Montag, 4. November 2013

Ein unerwarteter Einwand gegen die Ganztagsschule.

K.Schwarz  / pixelio.de

Das online-Magazin scinexx des wissenschaftlichen Springer-Verlags (Berlin-Heidelberg-New York) berichtet soeben über eine merkwürdige Studie der beiden amerikanischen Psychologen Maryam Kouchaki von der Harvard University und Isaac Smith von der University of Utah. Denen war aufge- fallen, dass bei vielen Testreihen, die sie an ihren Instituten durchgeführt hatten, die durchschnittlichen Ergebniss danach unterschieden, ob sie am Vor- oder am Nachmittag durchgeführt worden waren: In den vormittäglichen Tests schienen sich die Probanden im Schnitt moralischer zu verhalten als am Nachmittag. Daraufhin führten sie Testreihen zu ebendieser Frage durch, und siehe da: Die Tests bestätigten ebendies! (Psychological Science, 2013; doi: 10.1177/0956797613498099)

"Sie kamen bei ihren Auswertungen außerdem noch zu einem weiteren interessanteren Ergebnis: Bei Menschen, die bei den Versuchen grundsätzlich mehr moralisches Verhalten an den Tag legten, war der Morgen-Nachmittag-Effekt stärker. Die Schlawiner sind eher immer ähnlich unehrlich, bei den grundsätzlich Aufrichtigen bröckelt hingegen die Moral am Nachmittag deutlich.


Vermutlich hat das Phänomen etwas mit schwindender Selbstkontrolle zu tun, erklären Kouchaki und Smith. Es ist bereits bekannt, dass die Selbstdisziplin im Laufe des Tages nachlässt. Offenbar spiegelt sich diese Tendenz also auch beim moralischen Verhalten wider. 'Unsere Ergebnisse legen nahe, dass die Tageszeit beeinflussen kann, ob eigentlich gute Menschen moralisch fragwürdig handeln', resümieren die Forscher. Ihnen zufolge könnte diese Information beispielsweise für Organisationen nützlich sein: Ist moralisches Verhalten etwa bei Veranstaltungen besonders gefragt, ist der Morgen die beste Zeit."

Es ist freilich nicht so, dass sich im Verlauf der Tages die moralischen Urteile der Menschen verschöben. Es ist nur eben so, dass sie nicht mehr so recht auf sich Acht geben.
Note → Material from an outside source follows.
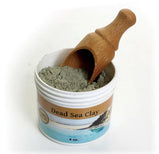 Dead Sea Clay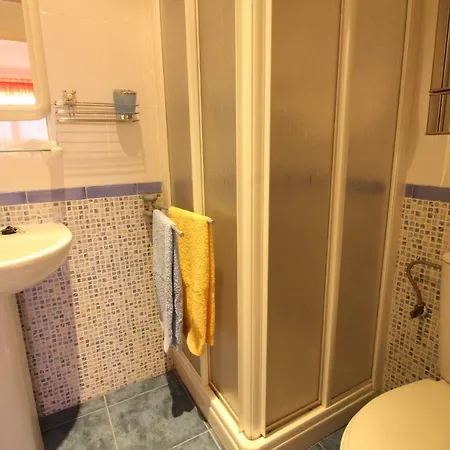 Apartment Lentiscares 213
Wie jeder Büroleiter bestätigen kann, bringen seine Mitarbeiter nach der sechsten Arbeitsstunde nicht mehr viel. Jetzt wissen wir: Es ist nicht nur die Dauer der Arbeit, die die Konzentration beeinträchtigt; es ist die Tageszeit selbst. 

Dass Erziehungswissenschaftler für den gesunden Menschverstand kein Ohr haben, wissen wir. 

Doch die Ergebnisse der empirischen Psychologie werden ihnen ja wohl zu denken geben: Schule am Nachmittag ist verlorene Zeit, für beide Seiten.